== Problem to work on ==
Leaving out each picture, transcribe the lines of the listing below exactly from the first through the line that contains "According to Newton's third".

━━━━━ Record set

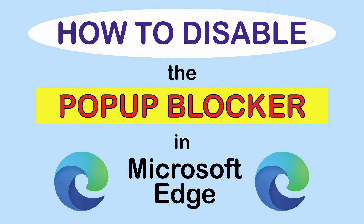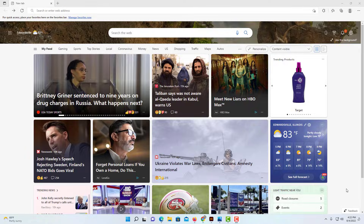This is going to be a video tutorial on how to disable the pop-up blocker in the Microsoft Edge web browser. I'll be using a desktop PC for this. Let me jump over to Microsoft Edge — okay, I have Microsoft Edge opened up now.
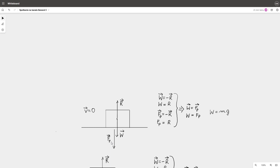According to Newton's third law of motion, if there is action, there is reaction. So the ground exerts an upward force on the body — normal force R. The body remains at rest, so according to Newton's first law of motion, weight and the reaction force (so-called normal force) balance each other. These vectors are opposite to each other, but their magnitudes are the same.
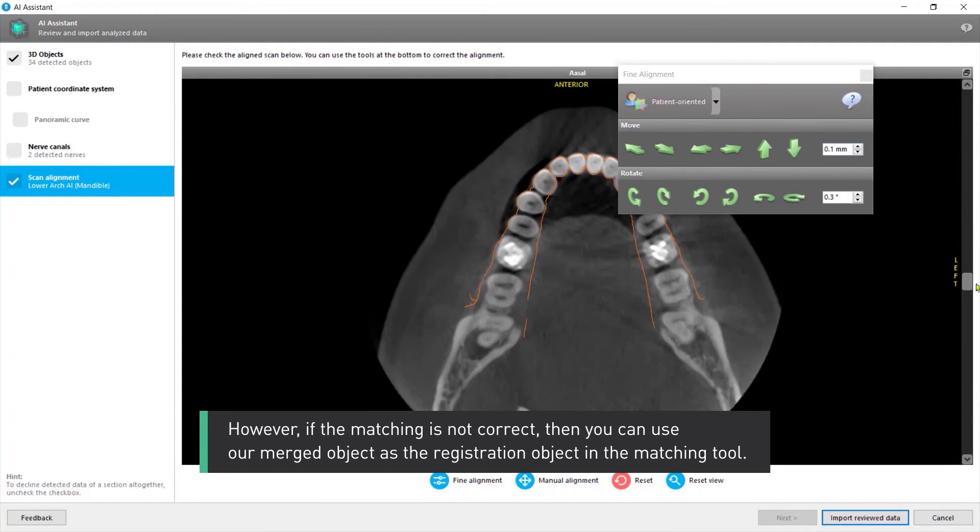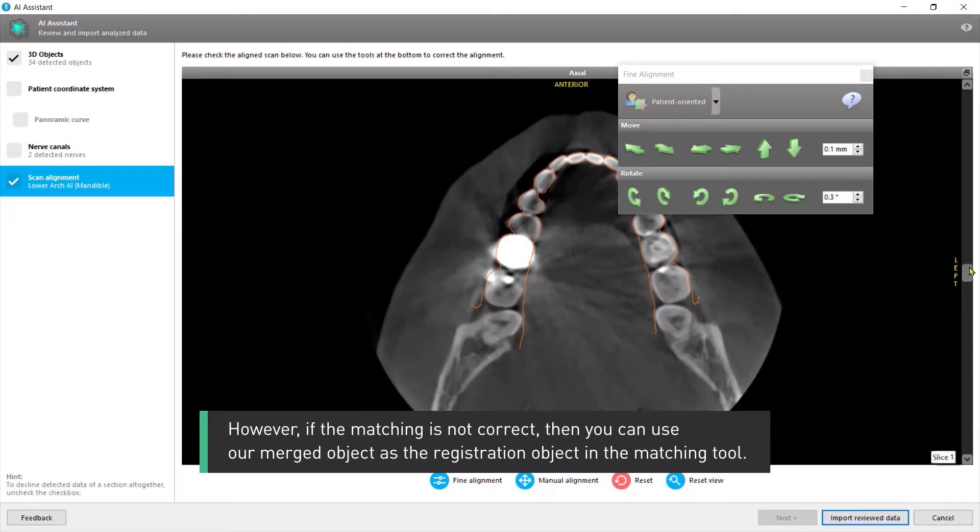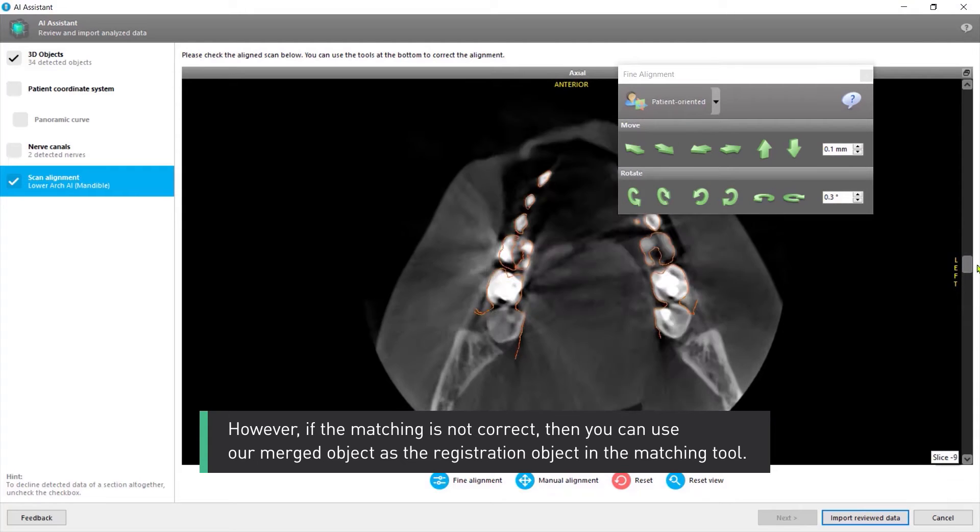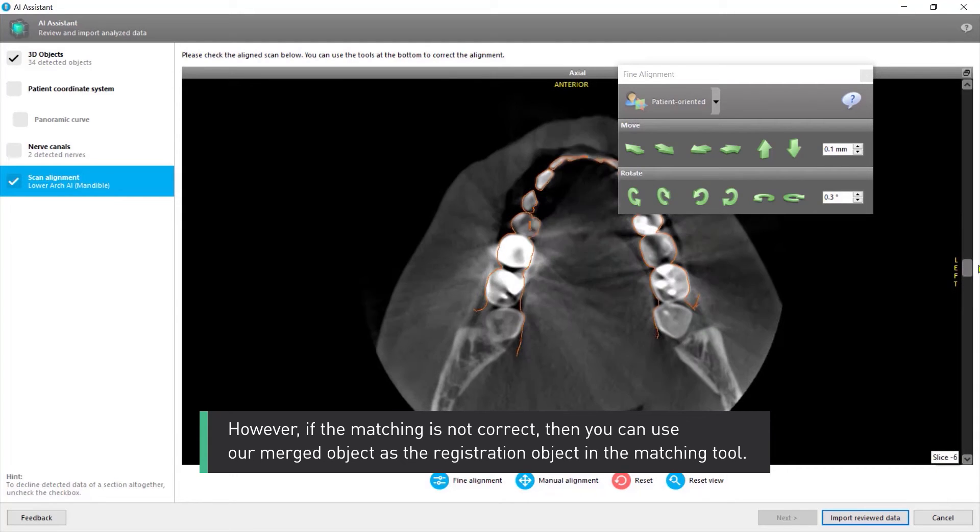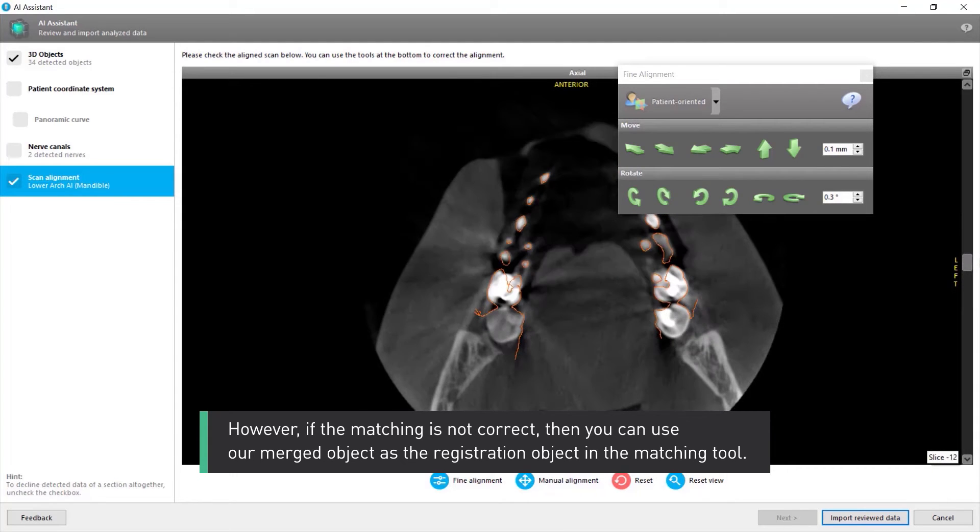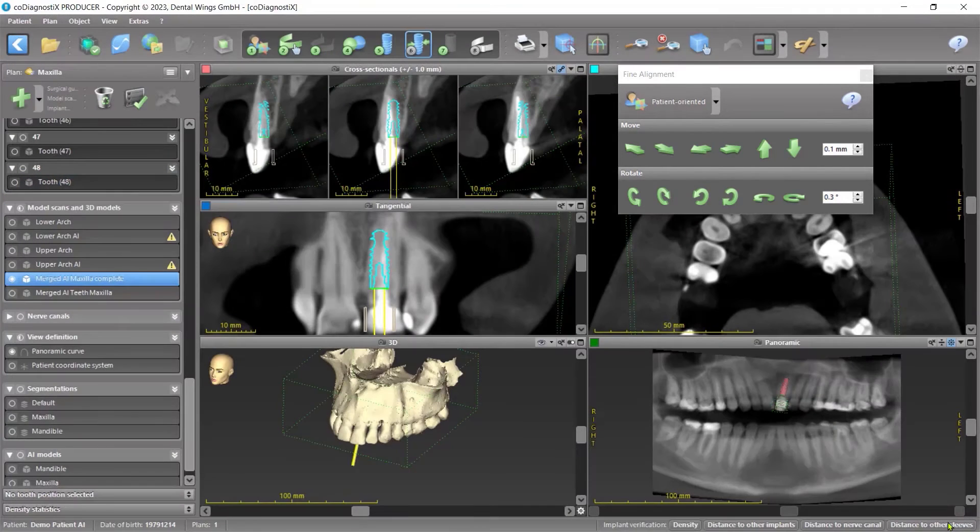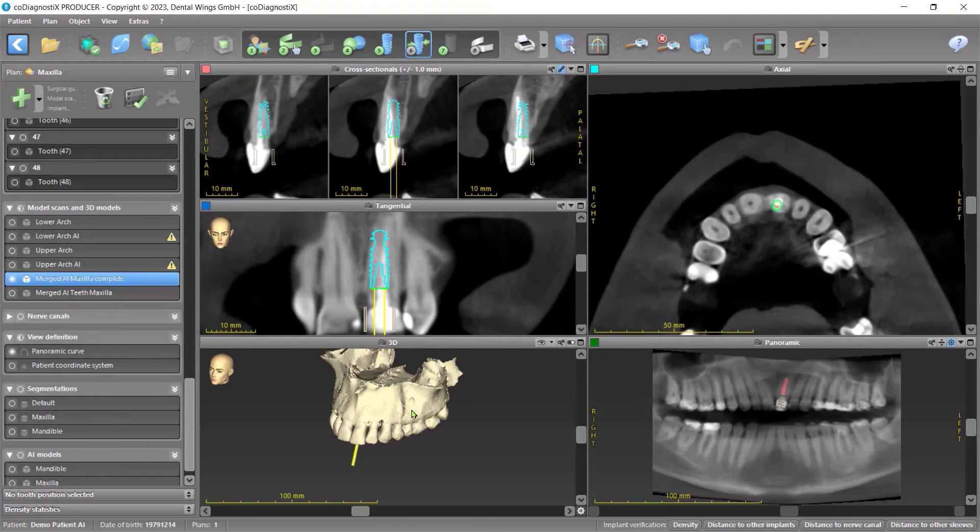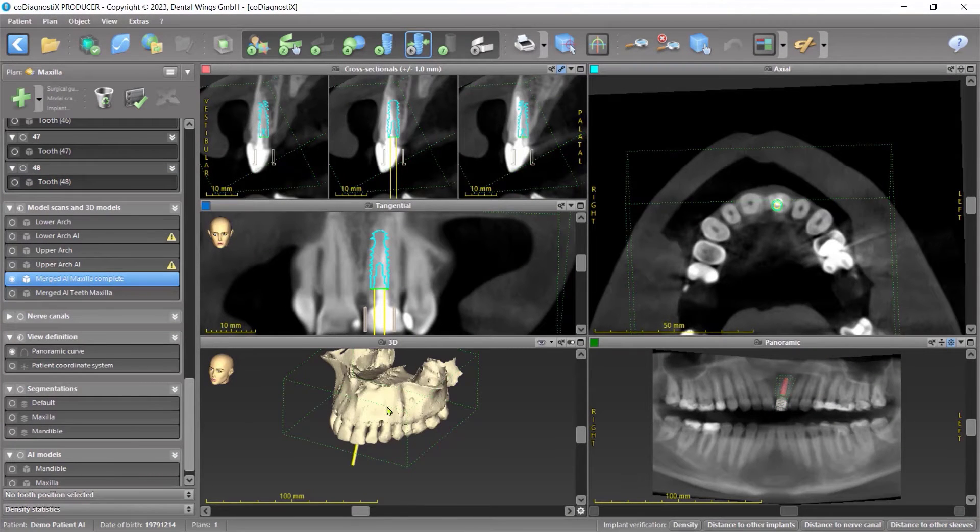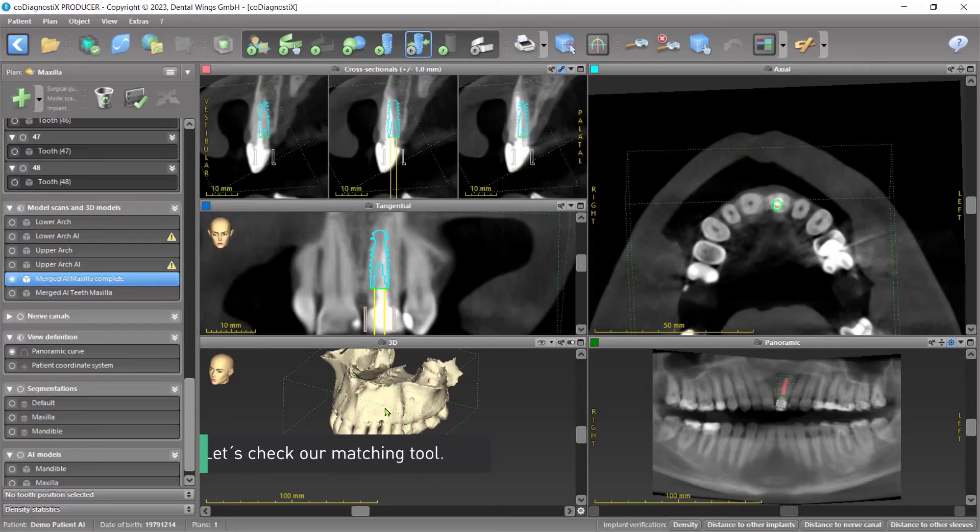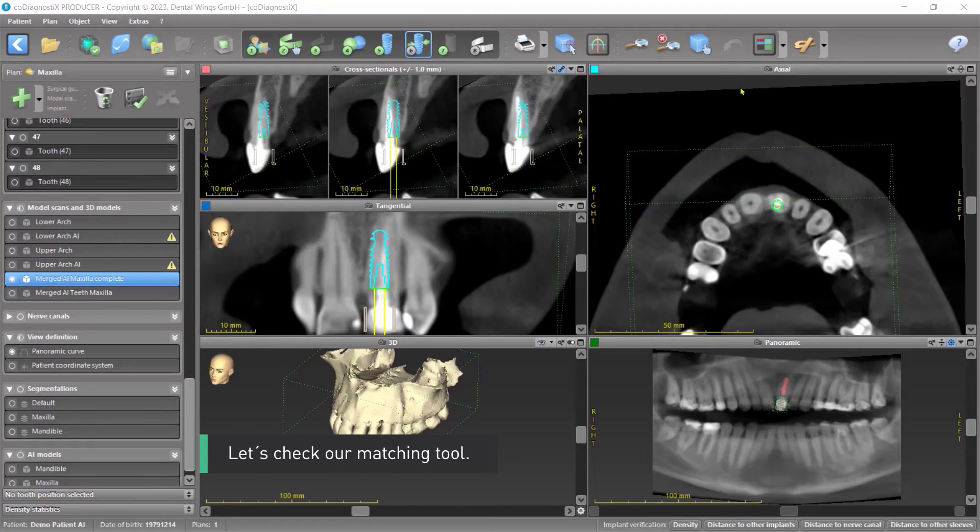However, if the matching is not correct, then you can use our merged object as the registration object in the matching tool. Let's check our matching tool.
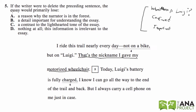A: 'A reason why the narrator is in the forest' — no. C: 'Nothing at all — this information is not relevant to the essay' — no, we said it is relevant, it's an important piece of information. D: 'A contrast to the lighthearted tone' — we never talked about contrast or tone, so we can get rid of that. That leaves us with B: 'A detail important for understanding the essay,' which it is. That's basically what we said when we answered the question ourselves.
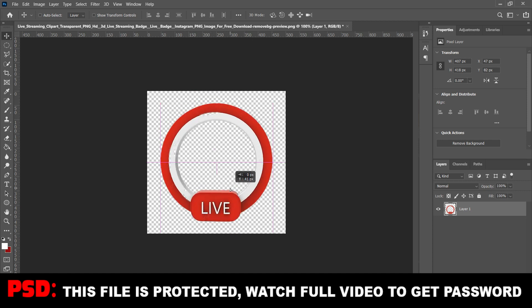I've given you this for free and you know how to use it. Watch the video to the end to get the password. Bye bye!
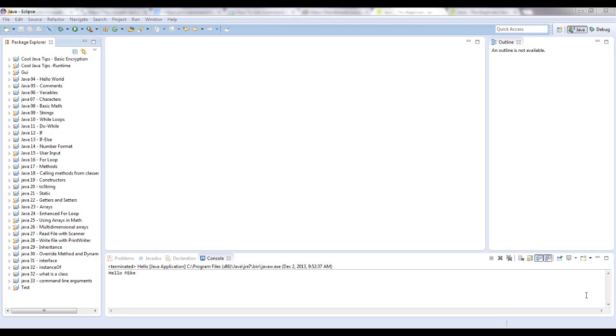Hello guys, this is Mike from theprogramming.org. Today I'm going to talk to you about command line arguments.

━━━━━━━━━━

== Answer ==
This is going to be a video tutorial on how to disable the pop-up blocker in the Microsoft Edge web browser. I'll be using a desktop PC for this. Let me jump over to Microsoft Edge — okay, I have Microsoft Edge opened up now.
According to Newton's third law of motion, if there is action, there is reaction. So the ground exerts an upward force on the body — normal force R. The body remains at rest, so according to Newton's first law of motion, weight and the reaction force (so-called normal force) balance each other. These vectors are opposite to each other, but their magnitudes are the same.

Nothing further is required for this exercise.